Части в спектакле пронумерованы произвольно, как будто время успело перемешать главки, точно фишки лото. Но рифма у фрагментов «железная». В одной из серединных частей звучит упомянутая нарезка из «Нового мира» — беллетристика и репортажи, очерки и стихи, публицистика и литературная критика. Для восприятия эта часть непроста — отрывков много, постепенно они превращаются в какой-то сплошной массив, состоящий в основном из литературных и смысловых клише, и нужна такая длительность, видимо, для того, чтобы постепенно проникнуться тем же неприятным разочарованием, которое постигло самого режиссера при знакомстве с журнальными «святцами» 60-х годов.
Контрапунктом к новомирскому коллажу придуман фрагмент, в котором на стену, закрывающую зеркало сцены, проецируются речи, произнесенные на суде диссидентами, вышедшими на Красную площадь в знак протеста против ввода советских войск в Чехословакию. Разные фрагменты налезают друг на друга, двигаются в разных направлениях, кажется, распадаются на отдельные слова, которые тонут в темноте, но эта «нечеткость», столь отличная от размеренного, подробного погружения в «Новый мир», лишь подчеркивает силу действий отважных одиночек.
Стена, служащая экраном, словно продолжает стены зрительного зала, она сделана из таких же деревянных панелей. С одной стороны, это усложняет задачу постановщика, потому что действие вытеснено на авансцену (тем более что мы видим его первый спектакль на большой сцене). Впрочем, главное действие у Волкострелова всегда разворачивается в голове у зрителя, а не на подмостках. В финале, за возможность увидеть который зрителю предложено демократически проголосовать, нам дают понять, что деревянная стена — метафора железного занавеса, через который с трудом пробивается свет, оттуда, откуда должны доноситься песни культовых музыкальных групп.

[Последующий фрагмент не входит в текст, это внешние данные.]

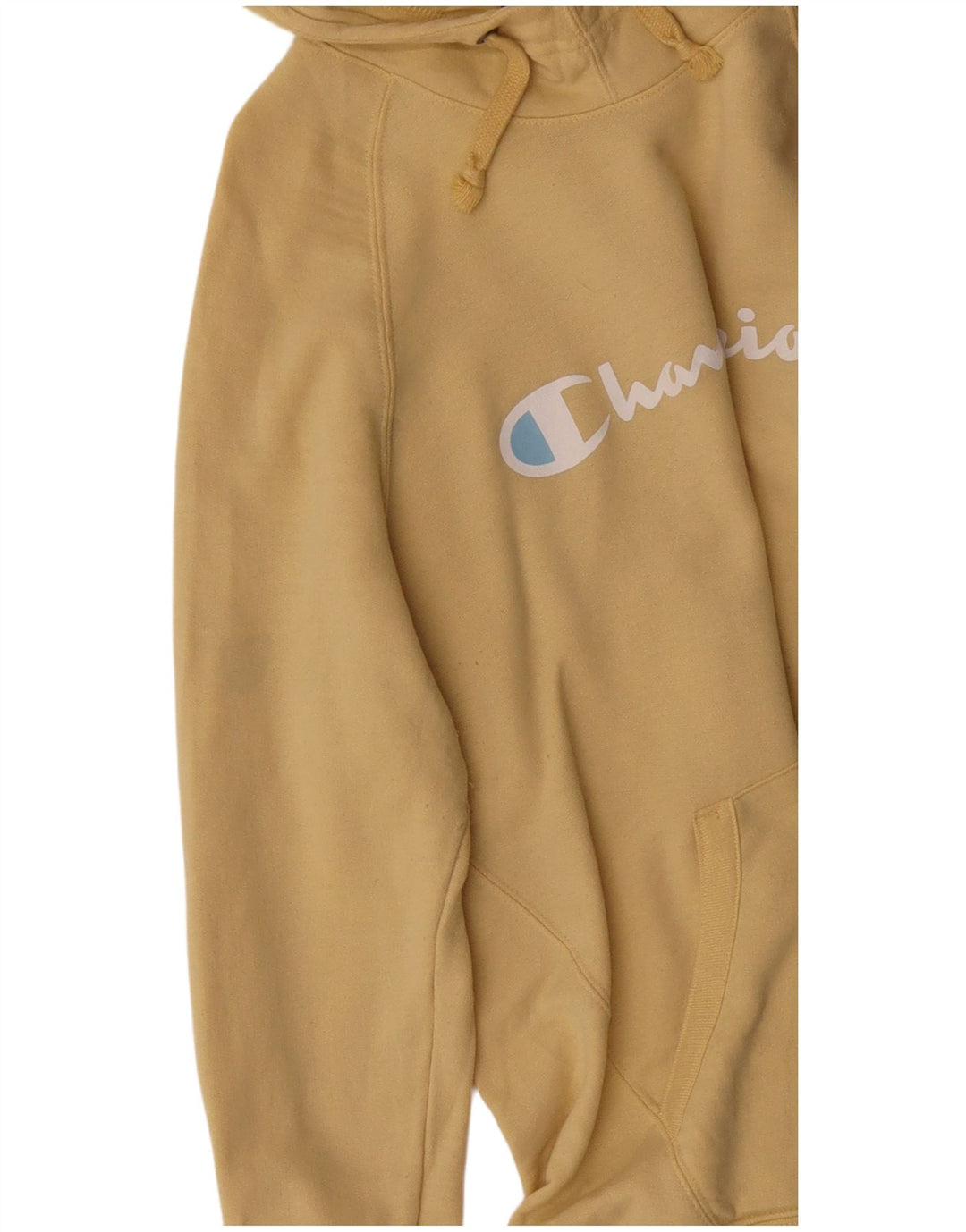 Felpa con cappuccio grafica da uomo Champion, grande, in poliestere giallo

Но есть у этой стены и еще один смысл, лишь опосредованно относящийся к теме политической и культурной изоляции. Деревянный занавес Перетрухиной превращает театральный зал в замкнутую коробочку — и тем самым напоминает нам о том, что Театр на Таганке, вроде бы как никакой другой умевший апеллировать напрямую к зрителю, в его золотой век был своего рода государством в государстве, замкнутой системой, вынужденно ставшей плотью от плоти системы, которой он противостоял. Члены «группы юбилейного года» пришли на руины театрального государства в тот момент, когда «коробочка» была уже навсегда разгерметизирована — со всеми вытекающими отсюда последствиями. Их путь длиной в сезон — от энтузиазма неофитов-археологов к грустной мудрости психологов — этот спектакль про разочарование непроизвольно впитал в себя.